In Türkiye, for example, one of the issues facing the country is that Turkish steelmakers and other industrial producers are subject to EU carbon limits on their exports. The country set a goal to double its renewable energy production by 2035 and as part of that committed to commissioning 10 gigawatts (GW) of solar capacity between 2017 and 2027. GE Vernova helped deliver more than a quarter of that solar power by mobilizing export credit finance for those solar projects. GE Vernova’s Financial Services business supported the United Kingdom’s export credit agency on its guarantee for Türkiye’s largest solar project and, on the basis of that, we recently announced the financing of the second-largest solar project with Kalyon Enerji, spanning across several cities.
As the targets and timelines for the energy transition evolve, has energy finance changed as well? Is there innovation in how projects are funded?
When I started my career, we were financing supercritical coal plants with pollution control equipment, and we thought we were doing the greatest favor to mankind by bringing low-cost power. So, yes, a lot has changed since then. Renewable energy has become very competitive due to both the incredible learning curve of capital expenditures as well as the emergence of pools of capital with a very heavy environmental, social, and governance (ESG) focus, which implies a lower cost of financing and more liquidity. There are also now well-capitalized regional and local developers who have the lay of the land, who understand project development and structuring and have built a credible track record. We see a lot more private equity–backed and infrastructure fund–backed platforms beginning to operate in these emerging markets. So the kinds of characters playing in this arena have certainly changed from the pre-Enron era of Western utility and developer operators venturing abroad.

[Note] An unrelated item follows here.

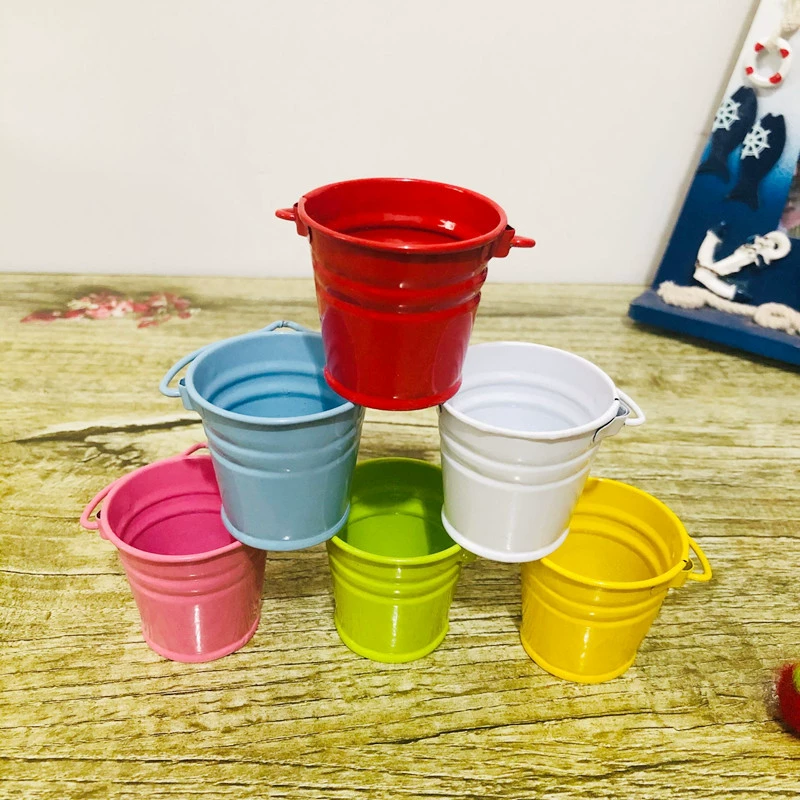 Оптовая продажа фабрики мини-конфеты цвет маленькое железное ведро детский сад маленькие игрушки творческие свадебные принадлежности конфеты суб оптом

We’re also seeing incredible technology innovation. It is the push on efficiency and reducing cost. It could be long-duration energy storage. It could be different ways to produce hydrogen. We are seeing a renaissance of nuclear. You’ve got a lot of capital that just wants to focus on commercializing the new technologies. They require a much higher return because they’re taking a bigger risk. While most of these projects go to the developed world, the applications of them are also in the developing world.
On the financing side, our bread and butter continues to be working with our export credit agency (ECA) partners. We have a very wide network, because we’ve got such an international manufacturing base, and we have developed many partnerships. I’m proud to say that we are at the cutting edge of innovation to make sure that we’re serving our customers on the best terms.
What trend or technology do you think has the potential to surprise the energy industry in the years ahead?
I think that we will see a lot of innovation and investment in the grid space. For example, our ability to move electrons efficiently over long distances. High-voltage direct current (HVDC) cables have been underestimated in their impact in connecting generation and stabilizing the grid. In the past, it would have been far-fetched to connect the U.K. to Morocco, but it’s in the works right now with the ambitious project called Xlinks, which will transmit 3.6 GW of baseload renewable power (enabled by wind, solar, and storage) over a 4,000-kilometer subsea HVDC cable from Morocco to the U.K. More projects like these will shake up the industry and help provide reliable, accessible, and affordable power to many parts of the world.